EXERCISE DATA Block Start
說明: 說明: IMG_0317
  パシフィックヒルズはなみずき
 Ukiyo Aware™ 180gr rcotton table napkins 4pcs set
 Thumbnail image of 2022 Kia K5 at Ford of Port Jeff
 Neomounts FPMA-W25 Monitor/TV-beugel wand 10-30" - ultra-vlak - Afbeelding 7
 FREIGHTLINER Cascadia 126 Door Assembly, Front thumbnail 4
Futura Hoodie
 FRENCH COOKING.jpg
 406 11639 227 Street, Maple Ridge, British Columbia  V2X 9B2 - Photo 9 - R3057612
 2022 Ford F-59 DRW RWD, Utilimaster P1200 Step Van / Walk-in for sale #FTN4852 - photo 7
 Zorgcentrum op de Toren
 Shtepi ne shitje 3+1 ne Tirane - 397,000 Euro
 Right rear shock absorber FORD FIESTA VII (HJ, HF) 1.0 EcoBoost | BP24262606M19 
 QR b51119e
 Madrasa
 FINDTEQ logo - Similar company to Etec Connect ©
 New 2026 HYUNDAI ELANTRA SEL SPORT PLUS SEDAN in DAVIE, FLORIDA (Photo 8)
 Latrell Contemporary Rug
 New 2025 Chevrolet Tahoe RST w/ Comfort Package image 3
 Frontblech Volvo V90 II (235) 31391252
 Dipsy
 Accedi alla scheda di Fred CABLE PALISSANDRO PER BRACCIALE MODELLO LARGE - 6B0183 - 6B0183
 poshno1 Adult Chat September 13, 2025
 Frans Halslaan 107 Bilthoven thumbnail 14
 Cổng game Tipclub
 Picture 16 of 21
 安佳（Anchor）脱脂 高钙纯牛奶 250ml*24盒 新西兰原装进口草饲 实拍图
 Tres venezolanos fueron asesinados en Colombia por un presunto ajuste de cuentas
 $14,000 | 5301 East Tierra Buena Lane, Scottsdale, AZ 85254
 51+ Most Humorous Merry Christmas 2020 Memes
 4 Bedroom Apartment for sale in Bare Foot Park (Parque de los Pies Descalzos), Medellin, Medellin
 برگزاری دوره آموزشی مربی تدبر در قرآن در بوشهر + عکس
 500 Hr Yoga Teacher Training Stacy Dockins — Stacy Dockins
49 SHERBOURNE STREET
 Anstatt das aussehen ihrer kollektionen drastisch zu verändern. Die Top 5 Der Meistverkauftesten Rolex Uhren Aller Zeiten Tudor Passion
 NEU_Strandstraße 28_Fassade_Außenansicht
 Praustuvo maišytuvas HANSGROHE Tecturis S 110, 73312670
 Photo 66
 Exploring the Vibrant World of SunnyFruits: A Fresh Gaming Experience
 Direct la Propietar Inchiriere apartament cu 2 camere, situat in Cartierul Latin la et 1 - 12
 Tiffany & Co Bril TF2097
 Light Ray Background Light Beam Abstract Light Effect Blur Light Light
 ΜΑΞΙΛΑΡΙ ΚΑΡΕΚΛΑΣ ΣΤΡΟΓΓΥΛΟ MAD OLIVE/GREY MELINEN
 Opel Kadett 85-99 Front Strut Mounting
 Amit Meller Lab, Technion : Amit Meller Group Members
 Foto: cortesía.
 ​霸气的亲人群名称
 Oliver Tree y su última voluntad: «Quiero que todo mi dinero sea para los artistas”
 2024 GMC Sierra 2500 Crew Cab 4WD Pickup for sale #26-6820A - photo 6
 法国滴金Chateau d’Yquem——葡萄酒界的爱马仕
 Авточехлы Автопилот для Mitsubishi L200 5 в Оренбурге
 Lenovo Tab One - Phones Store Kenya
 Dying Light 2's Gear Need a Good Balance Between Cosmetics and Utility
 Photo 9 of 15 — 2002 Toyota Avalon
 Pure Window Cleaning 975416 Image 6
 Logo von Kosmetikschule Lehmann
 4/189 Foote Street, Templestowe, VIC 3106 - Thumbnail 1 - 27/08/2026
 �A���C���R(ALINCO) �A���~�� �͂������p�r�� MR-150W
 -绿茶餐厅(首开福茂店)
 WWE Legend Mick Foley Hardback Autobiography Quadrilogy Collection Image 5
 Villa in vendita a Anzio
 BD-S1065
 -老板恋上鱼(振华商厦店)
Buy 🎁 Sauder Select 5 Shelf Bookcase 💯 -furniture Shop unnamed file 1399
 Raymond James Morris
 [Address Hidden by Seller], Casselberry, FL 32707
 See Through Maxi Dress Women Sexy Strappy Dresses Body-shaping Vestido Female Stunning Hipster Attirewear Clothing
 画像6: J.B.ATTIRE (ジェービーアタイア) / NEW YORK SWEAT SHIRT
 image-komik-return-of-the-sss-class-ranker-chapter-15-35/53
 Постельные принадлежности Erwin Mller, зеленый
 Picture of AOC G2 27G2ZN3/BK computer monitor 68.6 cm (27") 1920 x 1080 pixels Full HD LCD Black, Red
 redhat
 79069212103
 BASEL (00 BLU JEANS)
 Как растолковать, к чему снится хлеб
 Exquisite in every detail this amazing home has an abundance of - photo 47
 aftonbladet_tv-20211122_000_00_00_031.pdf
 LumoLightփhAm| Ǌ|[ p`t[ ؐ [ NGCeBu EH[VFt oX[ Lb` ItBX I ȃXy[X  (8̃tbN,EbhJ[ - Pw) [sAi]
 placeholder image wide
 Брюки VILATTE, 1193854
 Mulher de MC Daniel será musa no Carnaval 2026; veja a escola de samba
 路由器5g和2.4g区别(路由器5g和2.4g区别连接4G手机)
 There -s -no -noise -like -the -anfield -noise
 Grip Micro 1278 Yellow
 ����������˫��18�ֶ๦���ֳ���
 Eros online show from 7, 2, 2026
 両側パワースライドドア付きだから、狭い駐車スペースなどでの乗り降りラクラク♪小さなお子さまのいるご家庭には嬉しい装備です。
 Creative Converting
EXERCISE DATA Block End
WORK TASK: A single number is the answer here: how many lines above carry the string "sale"?

OUTPUT OF THE TASK: 3